### What the task asks
Print exactly and only the lines that run from the one containing "Posição Sexual | Jardim Suspenso" through the end of the material, please, omitting pictures.

### Stored data
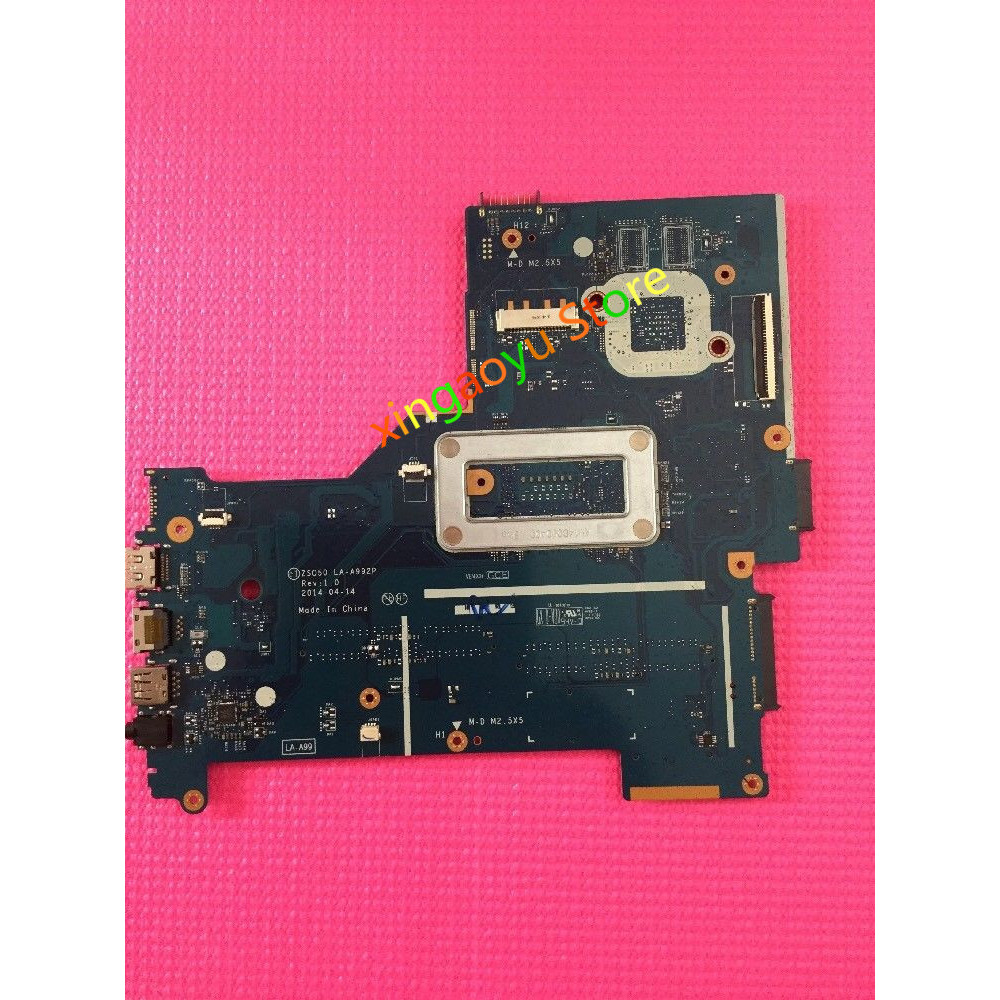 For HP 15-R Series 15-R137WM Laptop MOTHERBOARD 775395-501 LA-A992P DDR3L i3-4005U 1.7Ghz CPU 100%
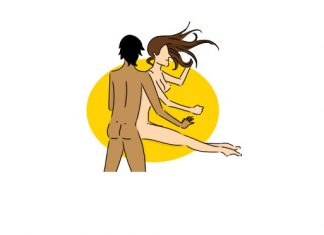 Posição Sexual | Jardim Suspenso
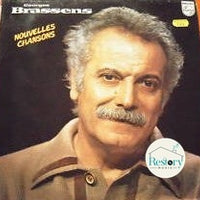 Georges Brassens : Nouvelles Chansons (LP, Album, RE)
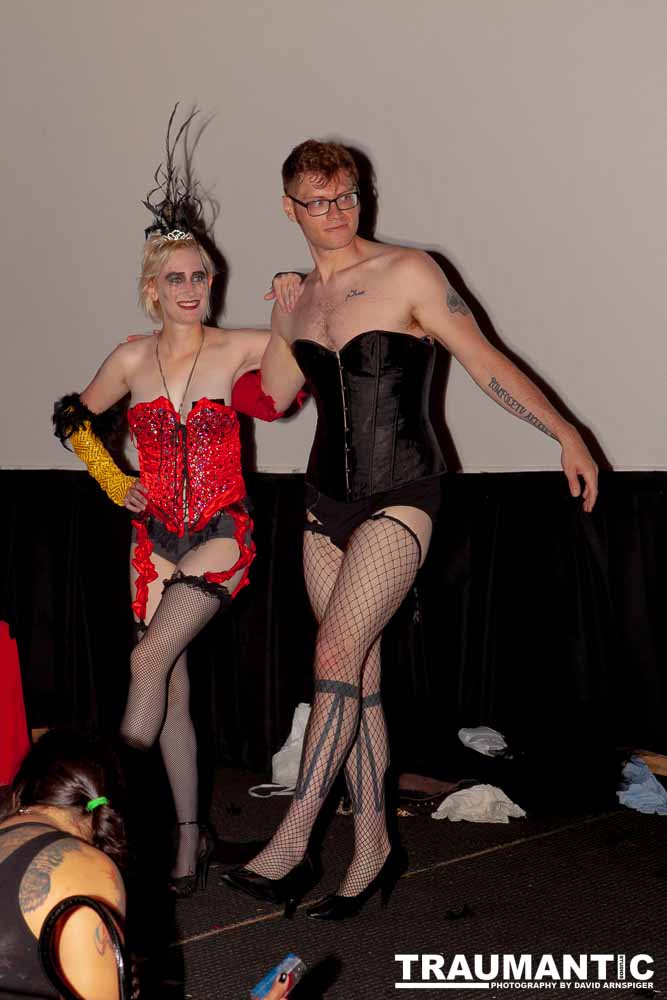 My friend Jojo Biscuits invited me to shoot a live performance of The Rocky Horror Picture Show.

### Task result
 Posição Sexual | Jardim Suspenso
 Georges Brassens : Nouvelles Chansons (LP, Album, RE)
 My friend Jojo Biscuits invited me to shoot a live performance of The Rocky Horror Picture Show.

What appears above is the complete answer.